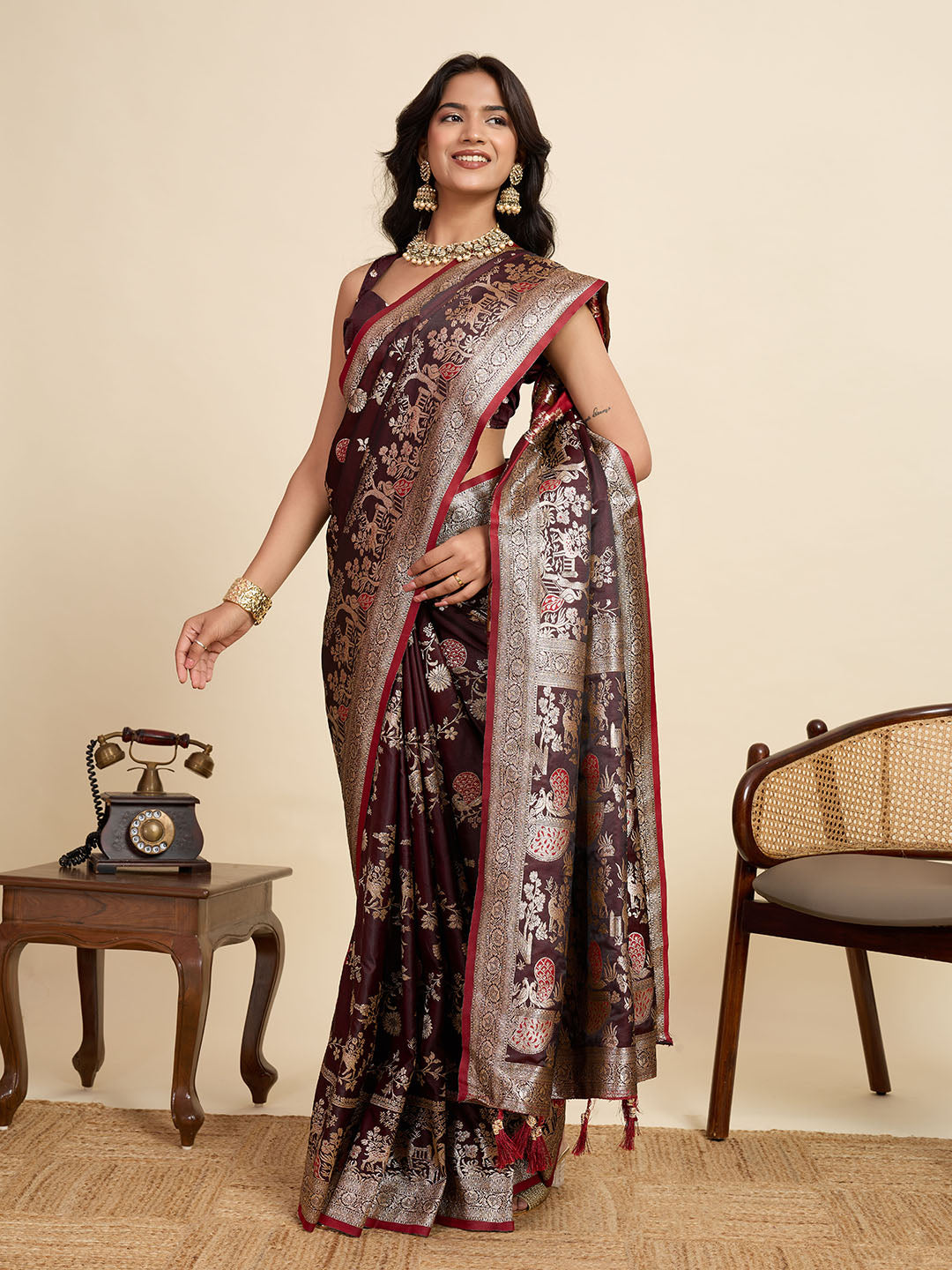 Vedant Vastram Soft Litchi Silk Paithani Jacquard Saree - Maroon | Grocsy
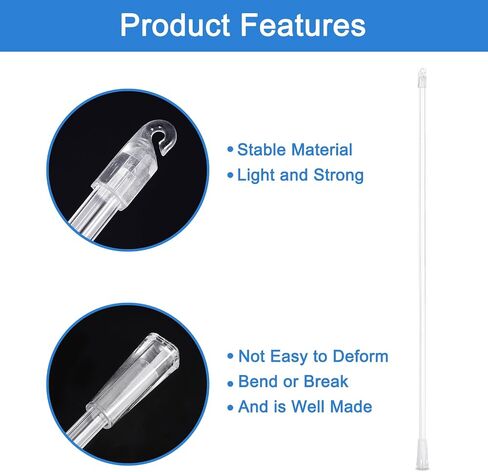 uxcell Blind Wand Replacement with Hook,3Pcs 21" Long Acrylic Blind Tilt Wand with Hook and Grip, Vertical Blind Rod Stick for Window Blind Stick Wand Opener (Transparent) in Saudi Arabia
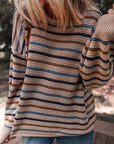 Stripe Drop Shoulder Round Neck Sweater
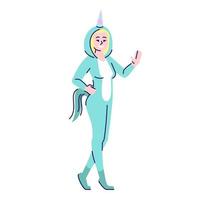 fille habillée en costume de licorne télévision vector illustration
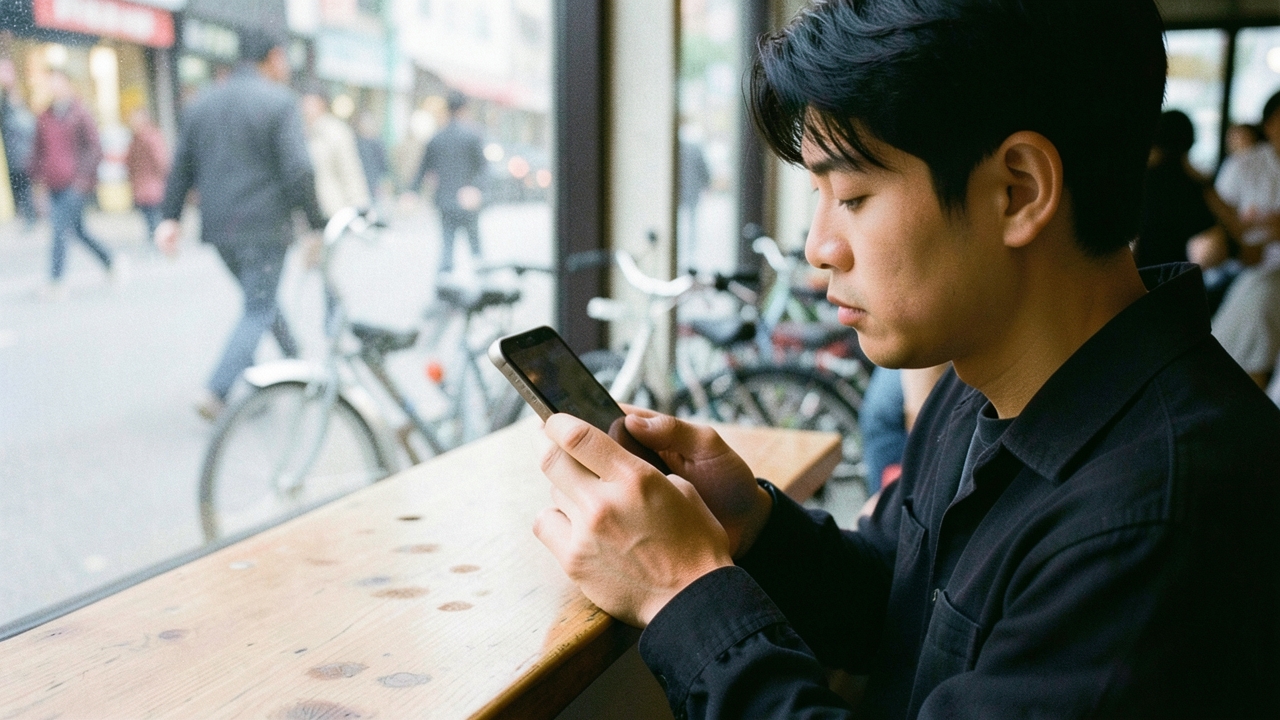 카페 창가에서 폴더블폰을 펼쳐 든 30대 남성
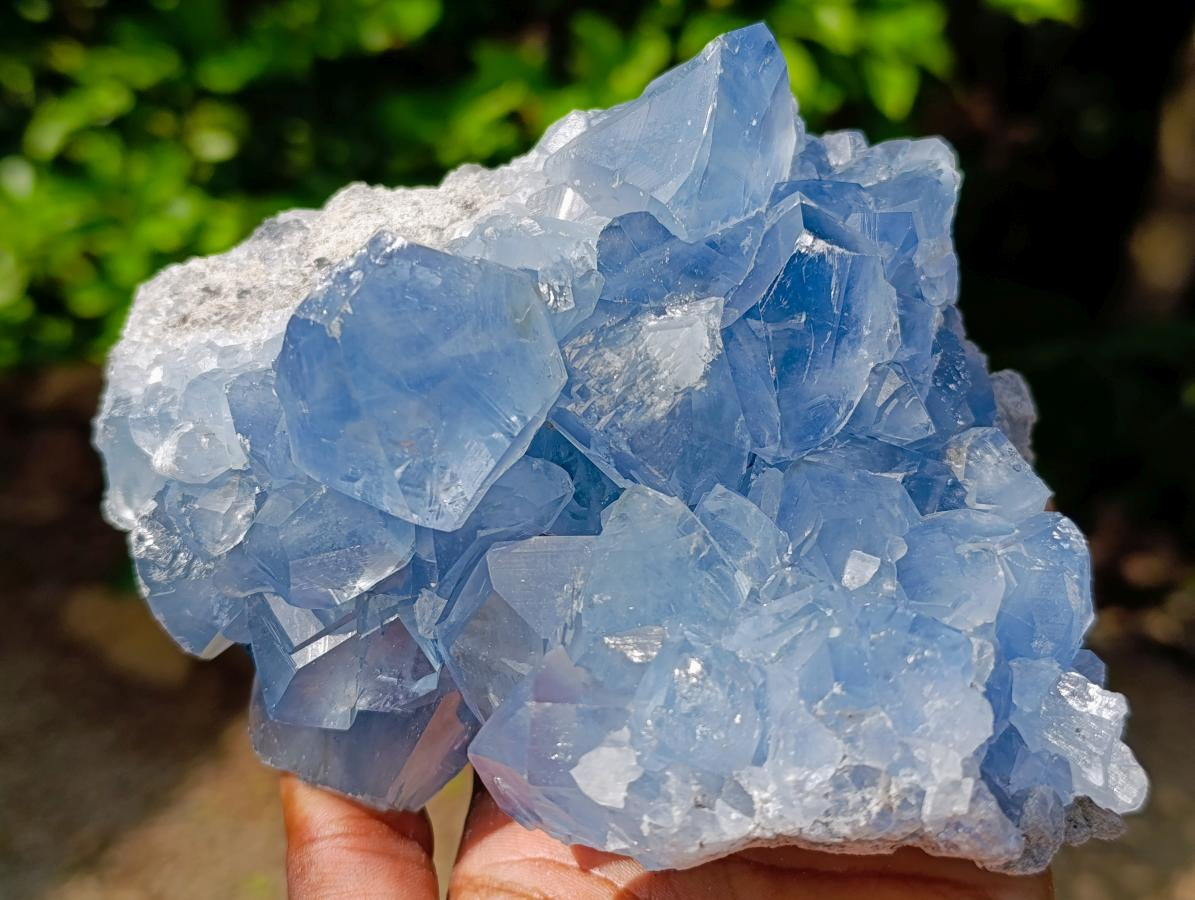 Natural Blue Celestite Specimens x 2 From Sakoany, Madagascar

▸ What is required:
Every line from the one with "uxcell Blind Wand" through the one with "fille habillée en" is to be reproduced exactly as written above, and the pictures are to be dropped.

▸ Final answer:
 uxcell Blind Wand Replacement with Hook,3Pcs 21" Long Acrylic Blind Tilt Wand with Hook and Grip, Vertical Blind Rod Stick for Window Blind Stick Wand Opener (Transparent) in Saudi Arabia
 Stripe Drop Shoulder Round Neck Sweater
 fille habillée en costume de licorne télévision vector illustration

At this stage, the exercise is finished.